Thats what we are all leaning towards here. Not quite sure tho...


----------



## joebertin (Mar 26, 2010)

Yep, Tiger Musky.


----------



## buckzye11 (Jul 16, 2009)

tiger musky is a cross between a northern and and a ski right? so what is a tiger musky doing in the hoga? My vote gores to pickerel, tough im totally green on the subject.


----------



## jaysin05 (Sep 12, 2010)

buckzye11 said:


> tiger musky is a cross between a northern and and a ski right? so what is a tiger musky doing in the hoga? My vote gores to pickerel, tough im totally green on the subject.

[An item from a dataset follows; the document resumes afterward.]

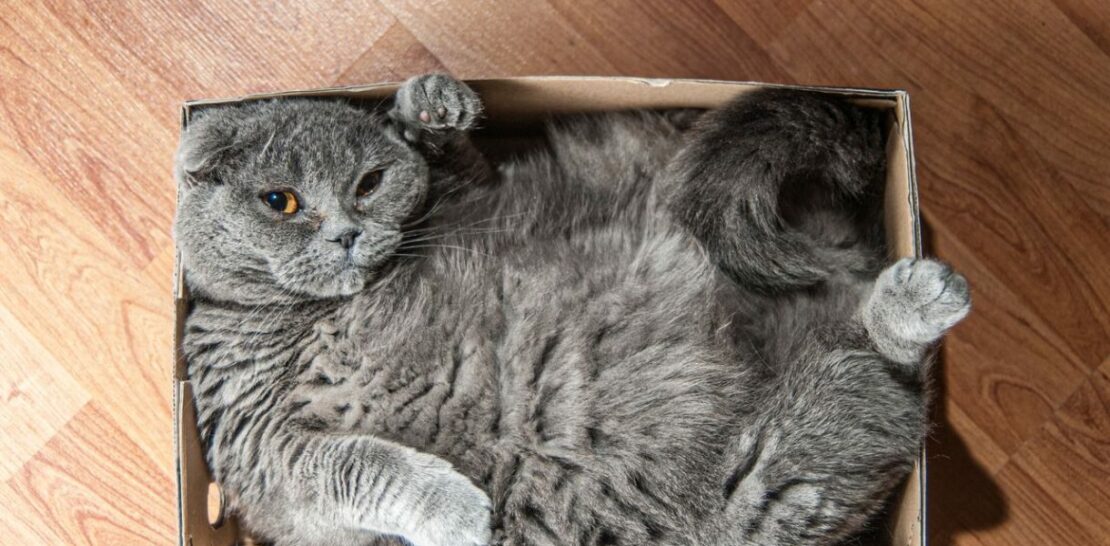 Top 5 Feline Geniuses: A Comprehensive Guide to the Most Intelligent Cat Breeds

indeed it is, but i have no idea.


----------



## PolymerStew (Feb 17, 2009)

Not a pickerel. The fins on a pickerel are colorless (dorsal,anal, tail), where the fins on a pike or muskie have dark spots on them.

I'd say northern pike. Could be a tiger muskie, but I don't know how likely it would be for one of those to be in the Cuyahoga.


Here's a picture of a pike and a grass pickerel I had in my aquarium for comparison. Both of these fish were 7-8" at the time. (Pike in front, pickerel in back)


----------



## barf (May 10, 2009)

as ignorant as I am, My vote is pike...from what I understand the hoga is full of them


----------



## MuskieJim (Apr 11, 2007)

There's a chance that it could be a tiger, muskies live in every tributary that touches the Great Lakes. It sure does look like one! A "true" tiger is female muskie eggs that have been fertilized by a pike, but this can happen down the road over time, or vise versa. We had a thread on it a while ago, check it out here. My vote is TIGER but it's hard to tell

http://www.ohiogamefishing.com/community/showthread.php?t=130062


----------



## sherman51 (Apr 12, 2011)

got to go with tiger musky, because of the stripes.
sherman


----------



## Bassbme (Mar 11, 2012)

I'd say pike........ Tiger Muskies have dark stripes on a lighter colored body


----------



## BobcatJB (Mar 30, 2005)

Northern pike. 100% sure

Outdoor Hub mobile, the outdoor information engine


----------



## bdawg (Apr 14, 2009)

The fish is probably a little pike. However, I did see a pic at the old Tackleshack bait shop once of a 20lb muskie that someone had caught in the river near Front St.


----------



## sheephead (Mar 31, 2012)

Bassbme said:


> I'd say pike........ Tiger Muskies have dark stripes on a lighter colored body


Totally agree Bassbme. Tigers usually have normal musky colors with stripes but I've never seen a small tiger so maybe they are darker when young?..cool lookin what ever it is


----------



## raiderdave (Oct 18, 2010)

That's a Baby Northern Pike ! Musky have the light body as previously stated.


----------



## Rootstown308 (Mar 15, 2012)

looks like i tiger musky, but having fished the river all my life and never seen a ski, its got to be a reg. pike.


----------



## NateDaug149 (Jul 31, 2009)

100 % Northern Pike


----------



## BBO Ohio (May 7, 2012)

100 % northern. As stated above tigers have darker spots then northern


Outdoor Hub mobile, the outdoor information engine


----------



## BBO Ohio (May 7, 2012)

Maybe this will help


Outdoor Hub mobile, the outdoor information engine


----------



## ewok9713 (Oct 25, 2010)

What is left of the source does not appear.